Annem hiç böyle yapmazdı her sabah benim için en güzel kahvaltıları hazırlardı .Mutfağı öyle görmek moralimi bozmadı dersem yalan olurdu ,daha sonra tabi ya bu gün benim doğum günüm herhalde bana hediye almak için babam'la çarşıya gitmişlerdir belkide çoktan almıştır annem evde yokken odasını karıştırayım belki bulurum .
Tekrar yatak odasına koştum hemen dolabın kapılarını açtım el cabukluğuyla karıştırmaya başladım .
Karıştırırken kıyafetlerin arasından hediye paketinin gıcırtısını duydum ,elimi biraz daha ileriye doğru ittim hediye paketini buldum çektim aldım hemen kendimi yatağın üzerine attım elimi çabuk tutmam lazımdı.

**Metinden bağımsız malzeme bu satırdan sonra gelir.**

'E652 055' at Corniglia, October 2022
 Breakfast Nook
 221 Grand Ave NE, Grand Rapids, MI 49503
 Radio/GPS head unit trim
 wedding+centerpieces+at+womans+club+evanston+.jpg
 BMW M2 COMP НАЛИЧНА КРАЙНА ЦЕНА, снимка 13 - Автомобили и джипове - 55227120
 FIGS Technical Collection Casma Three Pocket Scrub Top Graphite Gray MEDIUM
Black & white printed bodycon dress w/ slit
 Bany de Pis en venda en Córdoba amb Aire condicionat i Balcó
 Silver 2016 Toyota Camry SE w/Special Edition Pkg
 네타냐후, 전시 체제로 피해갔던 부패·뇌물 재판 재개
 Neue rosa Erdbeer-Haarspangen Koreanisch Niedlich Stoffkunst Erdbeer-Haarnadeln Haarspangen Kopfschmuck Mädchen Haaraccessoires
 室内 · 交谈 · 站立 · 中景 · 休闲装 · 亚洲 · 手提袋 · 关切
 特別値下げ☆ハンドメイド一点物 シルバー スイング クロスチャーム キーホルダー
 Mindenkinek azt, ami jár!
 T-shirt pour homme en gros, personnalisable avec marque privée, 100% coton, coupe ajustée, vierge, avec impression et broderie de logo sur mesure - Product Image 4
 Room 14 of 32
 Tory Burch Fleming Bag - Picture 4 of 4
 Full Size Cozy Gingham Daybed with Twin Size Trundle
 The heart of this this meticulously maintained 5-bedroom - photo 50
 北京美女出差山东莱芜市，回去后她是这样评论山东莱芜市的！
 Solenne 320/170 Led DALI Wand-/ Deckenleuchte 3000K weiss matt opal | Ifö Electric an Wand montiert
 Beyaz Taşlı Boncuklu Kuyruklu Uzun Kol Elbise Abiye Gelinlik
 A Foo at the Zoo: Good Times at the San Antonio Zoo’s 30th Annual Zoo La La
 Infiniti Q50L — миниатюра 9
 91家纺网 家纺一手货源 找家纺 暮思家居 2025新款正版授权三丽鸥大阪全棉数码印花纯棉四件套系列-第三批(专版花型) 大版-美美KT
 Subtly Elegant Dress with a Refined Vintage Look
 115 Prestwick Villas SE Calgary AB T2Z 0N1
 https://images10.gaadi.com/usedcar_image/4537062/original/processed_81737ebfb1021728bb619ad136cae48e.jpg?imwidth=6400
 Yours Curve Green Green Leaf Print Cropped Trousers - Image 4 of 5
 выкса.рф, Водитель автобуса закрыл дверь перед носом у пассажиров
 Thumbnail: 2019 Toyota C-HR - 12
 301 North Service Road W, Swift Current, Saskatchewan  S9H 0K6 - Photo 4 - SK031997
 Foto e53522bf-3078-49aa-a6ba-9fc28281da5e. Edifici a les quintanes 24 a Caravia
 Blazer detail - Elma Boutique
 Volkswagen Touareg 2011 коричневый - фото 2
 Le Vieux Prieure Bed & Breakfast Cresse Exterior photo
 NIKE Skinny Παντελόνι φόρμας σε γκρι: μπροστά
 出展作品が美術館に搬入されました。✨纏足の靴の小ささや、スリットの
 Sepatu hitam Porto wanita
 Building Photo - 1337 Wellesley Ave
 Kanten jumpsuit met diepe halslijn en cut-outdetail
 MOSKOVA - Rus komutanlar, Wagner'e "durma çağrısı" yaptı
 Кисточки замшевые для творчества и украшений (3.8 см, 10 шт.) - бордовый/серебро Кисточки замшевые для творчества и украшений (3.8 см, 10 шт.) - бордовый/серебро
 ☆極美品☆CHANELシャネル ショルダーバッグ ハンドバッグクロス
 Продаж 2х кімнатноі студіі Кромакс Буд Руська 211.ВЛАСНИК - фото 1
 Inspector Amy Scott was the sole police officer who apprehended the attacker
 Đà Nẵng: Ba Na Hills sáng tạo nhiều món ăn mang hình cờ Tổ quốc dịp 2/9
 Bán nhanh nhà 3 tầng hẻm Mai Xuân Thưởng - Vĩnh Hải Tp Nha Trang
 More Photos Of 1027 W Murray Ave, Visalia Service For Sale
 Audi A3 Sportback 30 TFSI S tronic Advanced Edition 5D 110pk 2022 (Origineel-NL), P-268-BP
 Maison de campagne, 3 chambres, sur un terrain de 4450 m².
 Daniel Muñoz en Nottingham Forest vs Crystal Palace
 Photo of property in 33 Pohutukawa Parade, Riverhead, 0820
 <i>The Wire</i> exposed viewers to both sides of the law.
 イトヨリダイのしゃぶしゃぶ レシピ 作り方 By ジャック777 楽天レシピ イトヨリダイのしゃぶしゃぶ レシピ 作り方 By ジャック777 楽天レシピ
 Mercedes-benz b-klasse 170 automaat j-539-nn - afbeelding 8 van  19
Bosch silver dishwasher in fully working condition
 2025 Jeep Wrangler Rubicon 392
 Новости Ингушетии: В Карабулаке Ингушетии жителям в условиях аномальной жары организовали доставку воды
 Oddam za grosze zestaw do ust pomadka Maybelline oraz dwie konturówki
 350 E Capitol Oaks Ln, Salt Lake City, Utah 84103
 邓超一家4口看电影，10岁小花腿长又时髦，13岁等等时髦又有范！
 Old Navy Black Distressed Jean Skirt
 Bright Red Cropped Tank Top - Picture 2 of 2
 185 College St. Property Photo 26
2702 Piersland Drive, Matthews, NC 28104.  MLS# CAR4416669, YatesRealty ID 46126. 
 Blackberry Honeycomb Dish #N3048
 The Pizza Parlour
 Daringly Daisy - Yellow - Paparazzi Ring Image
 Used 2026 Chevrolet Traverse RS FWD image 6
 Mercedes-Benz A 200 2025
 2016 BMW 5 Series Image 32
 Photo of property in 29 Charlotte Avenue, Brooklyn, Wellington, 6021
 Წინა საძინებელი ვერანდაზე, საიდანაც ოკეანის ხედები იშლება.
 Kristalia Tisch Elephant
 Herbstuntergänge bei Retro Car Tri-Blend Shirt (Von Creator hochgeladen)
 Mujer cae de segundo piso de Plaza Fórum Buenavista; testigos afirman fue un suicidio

Annem her an gelebilirdi paketi açtım paketin içinden bir adet siyah defter siyah dolma kalem bir'de defterin ön yüzüne yapıştırılmış küçük bir not çıktı. Bu öyle sıradan bir defter değildi güzel deri kılıflıydı içi cizgili değildi beyaz boş sayfalıydı bu küçük not'da annem'in kendi el yazısıyla yazılmış cümleler vardı not'da şöyle yazıyordu

Güzel kızım
Sen zaten benim gözümde dünya'nın en güzel yazarısın
Senin kadar olmasada sana bu defteri aldım
Sayfaları senin kalbin kadar temiz ve boş
Sen önce kalbini duyguların ile dolduracaksın sonra bu boş defteri hayallerin ile dolduracaksın
Sen yaz ki ben mutlu olayım
sen oku ki ben dinleyeyim
Sen iyi yerlere gel ki ben göreyim
Doğum günün kutlu olsun
Bu sana ilk hediyem güle güle kullan güzel kızım seni sonsuza kadar çok seven annennn ..
Bu not beni çok duygulandırmıştı gözlerim doldu kendimi tutmasam oracıkta ağlayacaktım bu annem den aldığım Dünya'nın en güzel hediyesiydi tekrar hediye paketine koydum hiç açılmamış gibi kapattım aynı yerine yerleştirdim bir an önce odadan çıktım salona doğru yürüdüm..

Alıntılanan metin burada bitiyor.